En guise de conclusion
Il est donc tout à fait intéressant de constater que le döner kebab, universellement connu, s'il est bien né en Turquie il y a un ou deux siècles selon les sources, est bien moins présent en Turquie que dans le champ migratoire turc aujourd'hui étendu de l'Europe à l'Amérique et à l'Océanie. C'est une spécialité urbaine de l'Anatolie du nord-ouest et de la ville d'Istanbul, au départ très peu présente dans le reste du territoire turc.

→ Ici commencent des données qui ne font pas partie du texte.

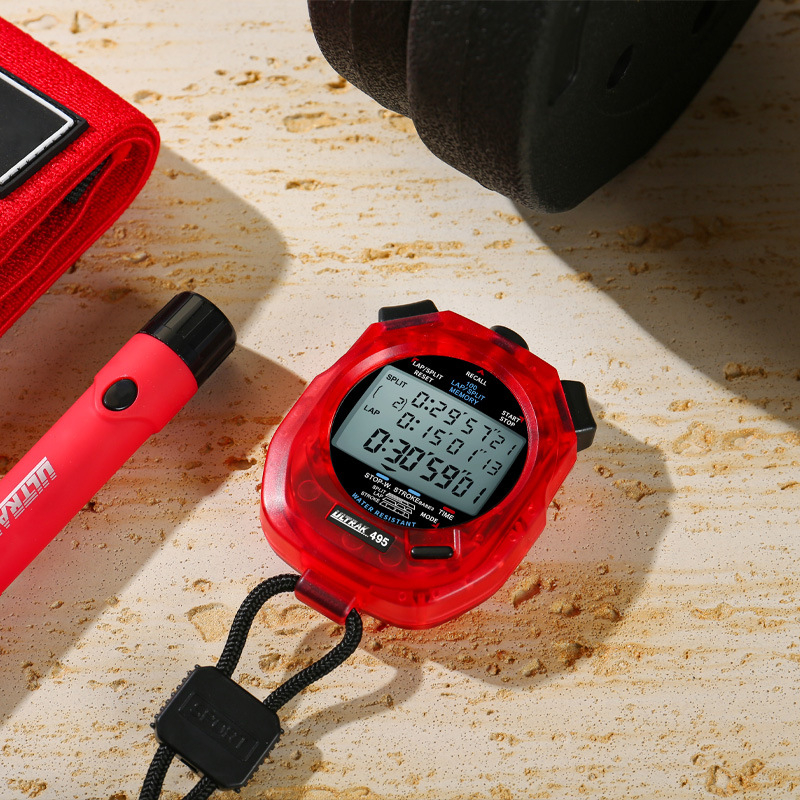 ULTRAK elektronikus időmérő DT495 ABS 60 g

Elle s'y est imposée et généralisée avec la modernité dans la société urbanisée de la seconde moitié du vingtième siècle. En revanche, dans les villes européennes, puis mondiales, de résidence des immigrés turcs, le kebab est devenu le symbole d'une cuisine turque alors très peu connue par les sociétés d'accueil, principal ambassadeur de la gastronomie turque, au grand dam des cuisiniers turcs qui pensent valoir bien mieux que cela.